In 1850, he ran the Newton House Hotel in Athens, Georgia.  By 1860 he had moved his family to Rome, Georgia and was a tavern keeper.  At the beginning of the Civil War he was made Captain and Quartermaster of the 4th Battalion, Georgia infantry October 14, 1861. He transferred to 35th Regiment of Georgia infantry in 1862. He was known as the fighting quartermaster.  He helped carry General Joseph E. Johnston off the field when he was wounded at the Battle of Seven Pines. At Mechanicsville in the Battle of Beaver Dam Creek, June 26, 1862 he was wounded with a shot through the right lung but continued to serve.  September 21, 1863, he resigned due to increasing disability. "Nor can I [General Joseph R. Anderson] omit to call special attention to the gallant conduct of Capt.

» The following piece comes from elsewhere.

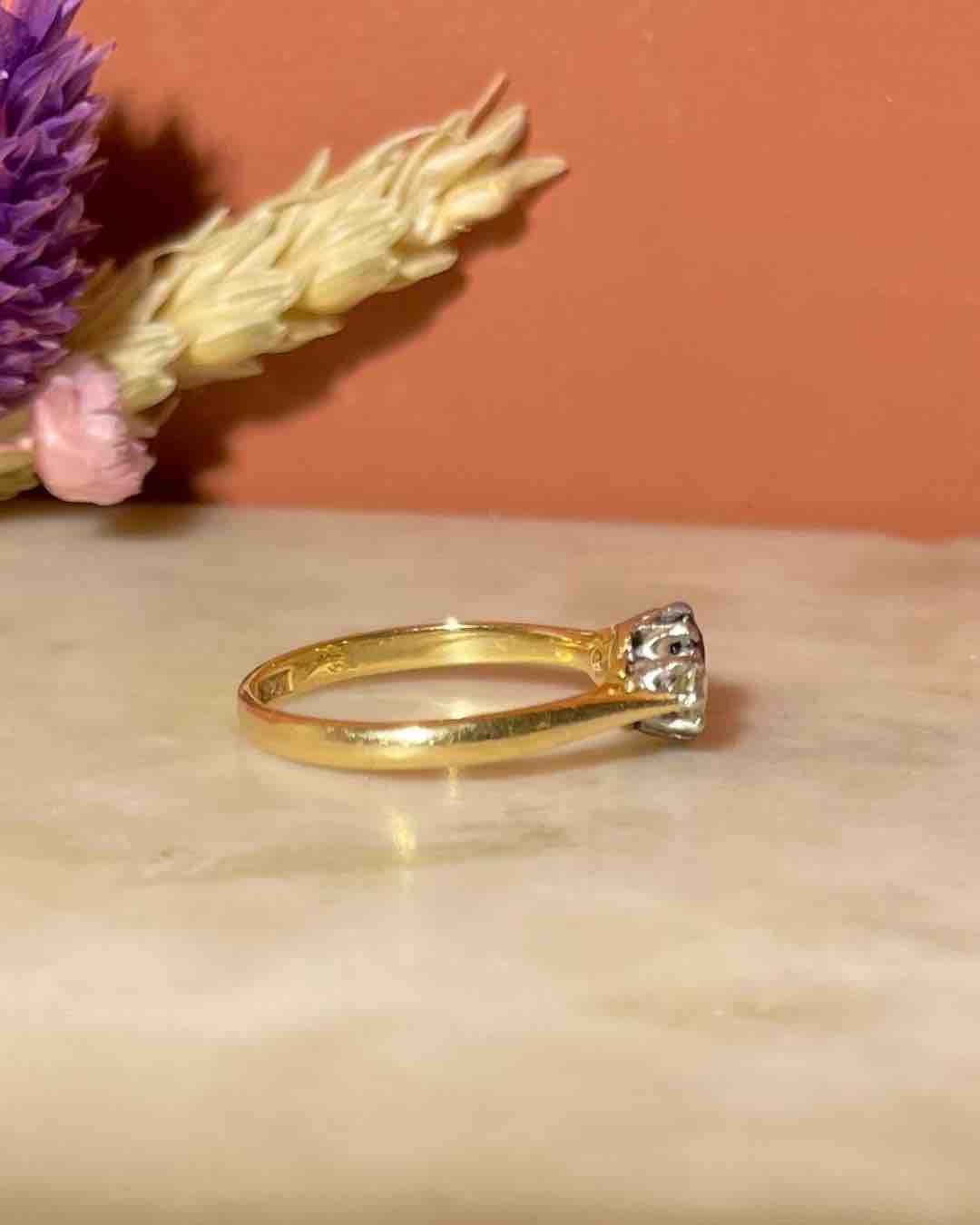 Anillo trilogía de zafiros y diamantes "Yuki"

L. P. Thomas quartermaster of the 35th Ga., who volunteered his service for the occasion in the field, seeing his regiment deficient in field officers.  He rendered valuable service until he was seriously wounded" (Official Records, Series 1, Volume XI., Part II). By 1867 he was running a retail grocery business in Atlanta.  He died in 1887 and was buried in Oakland Cemetery.

References
 Huff, Frederick Ware. Four Families: Winn, Thomas, Ware, Garrett of the southern United States from 1600s to 1993. Kennesaw, GA., Frederick Ware Huff, 1993.

External links
  42nd Georgia Infantry
 

1812 births
1887 deaths
People from Clarke County, Georgia
People of Georgia (U.S. state) in the American Civil War
Confederate States Army officers
Burials at Oakland Cemetery (Atlanta)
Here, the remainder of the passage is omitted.